The country itself has been linked with a number of cross-border financial scandals and the Government has been spurred into action by the adverse listings of the Financial Action Task Force (FATF-GAFI) and the European Commission, which pointed out certain strategic deficiencies in its anti-money laundering and counter terrorist financing framework[1].

Alive to these facts, the FSC has not only multiplied its enforcement action but also adopted a new conciliatory approach to regulatory action in a manner which it is hoped will promote dialogue with licensees and a more expedient resolution of regulatory breaches.

In this article, we analyse the sanctioning powers of the enforcement committee, the internal disciplinary independent committee of the FSC (Enforcement Committee[2]).
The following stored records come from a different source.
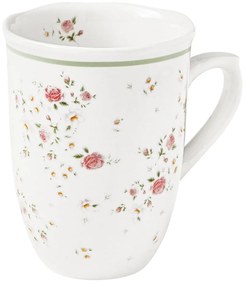 Súprava 2 bielych porcelánových hrnčekov Brandani Nonna Rosa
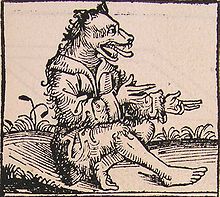 A cynocephalus, or dog-head, as described by Pliny in his Natural History. From the Nuremberg Chronicle (1493). Schedel'sche Weltchronik-Dog head.jpg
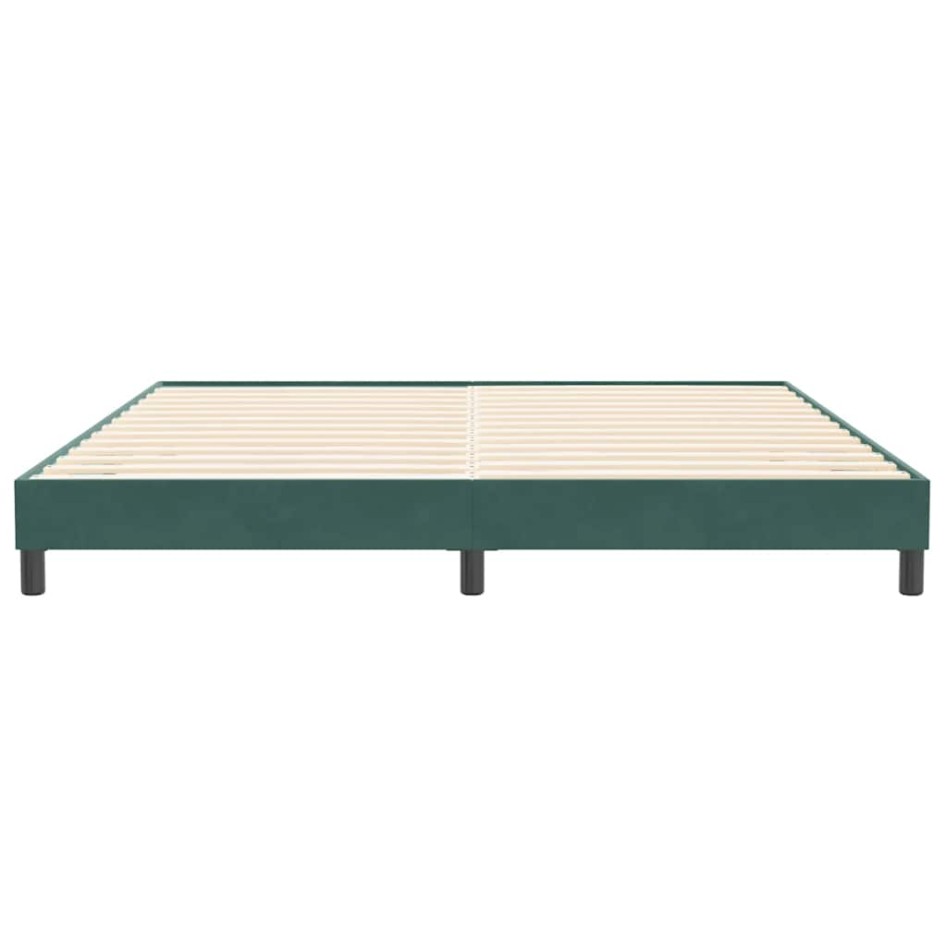 Estructura cama sin colchón terciopelo verde oscuro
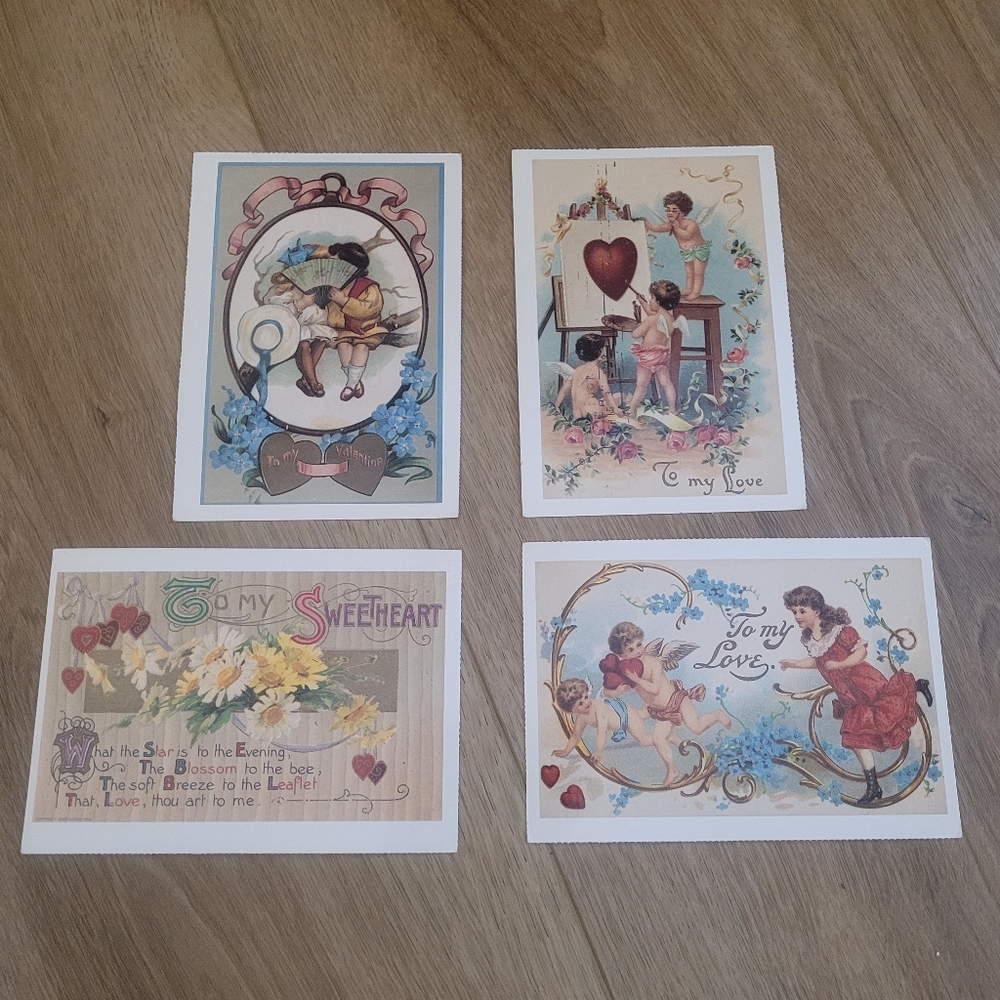 Vintage‎ Romantic Valentine's Postcard Set of 4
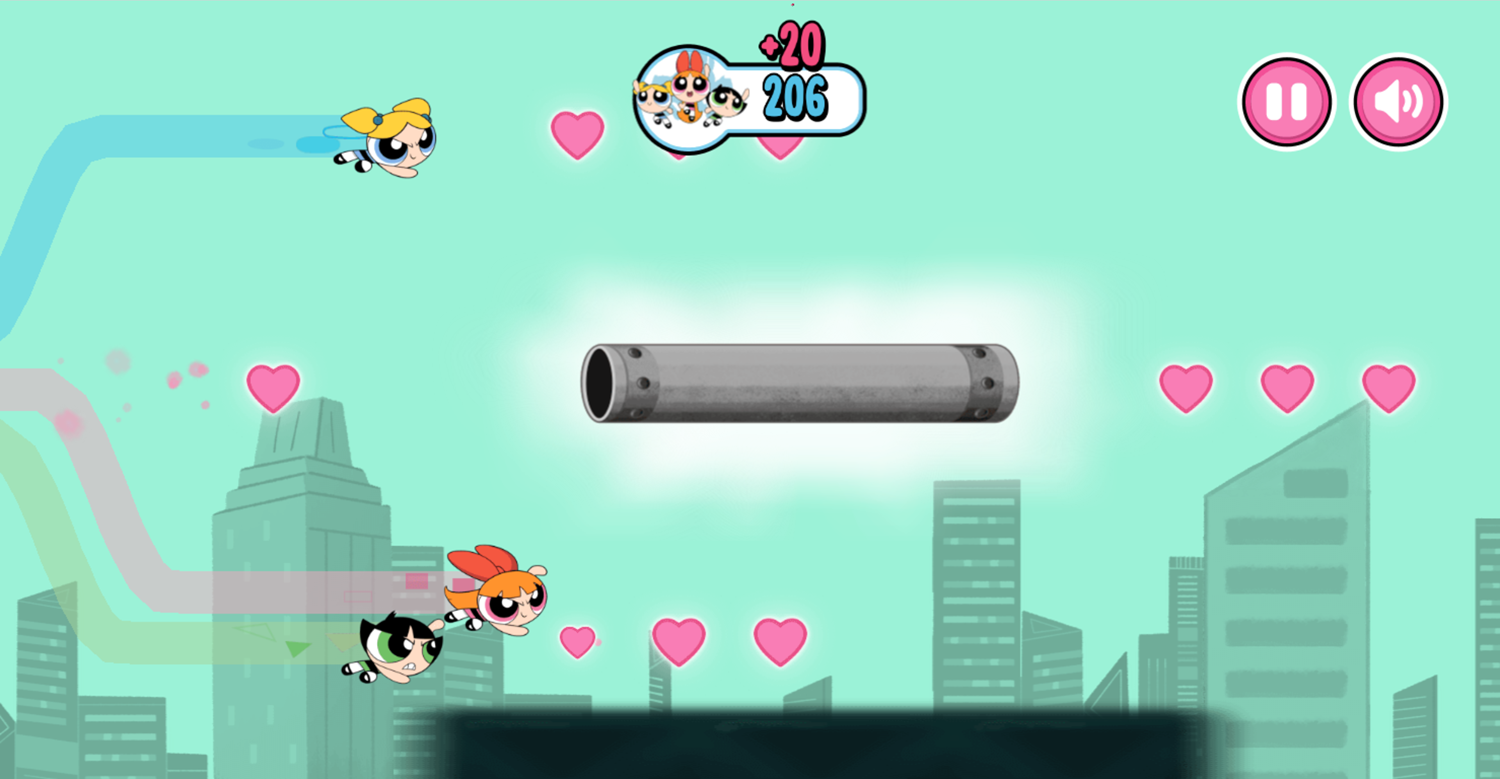 Powerpuff Girls Trail Blazer Game Screenshot.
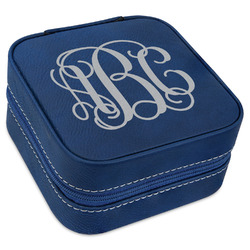 Interlocking Monogram Travel Jewelry Box - Navy Blue Leather (Personalized)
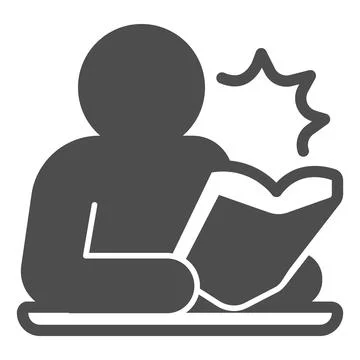 Person reading book solid icon, children book day concept, man reading vector Ilustração Stock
We also explore the workings of the newly established settlement framework introduced by FSC in December 2020.

THE SANCTIONNING POWERS OF THE ENFORCEMENT COMMITTEE

The ability of the FSC to enforce compliance with financial laws and its own guidelines has been enshrined in legislation since the financial services legislative overhaul of 2007. This translated into routine inspections being carried out mostly on management companies, and investigations being launched upon reasonable cause arising out of the conduct of a licensee falling below expected norms.

In the same line of thinking and with a view to consolidating its function as enforcement regulator, the FSC issued an Enforcement Manual (on 11 June 2020) describing general policies and procedures to provide guidance to the licensees in respect of the FSC’s enforcement powers and processes.

Prior to enforcement action, the Financial Services Act[3] together with the Enforcement Manual provide that the FSC may at any time conduct an onsite inspection to check whether the targeted licensee is complying with the requirements of relevant laws and conditions of licence.

The FSC may also conduct an off-site monitoring supervision by asking licensees to submit reports or statutory returns to enable it to review and ascertain the licensee’s compliance status with the relevant laws.

Following the onsite inspection or off-site monitoring, and after considering all of the available information, the FSC’s officers may commence an investigation at the business premises of the targeted licensee to obtain information from any program, data, file or document of the targeted licensee (Target).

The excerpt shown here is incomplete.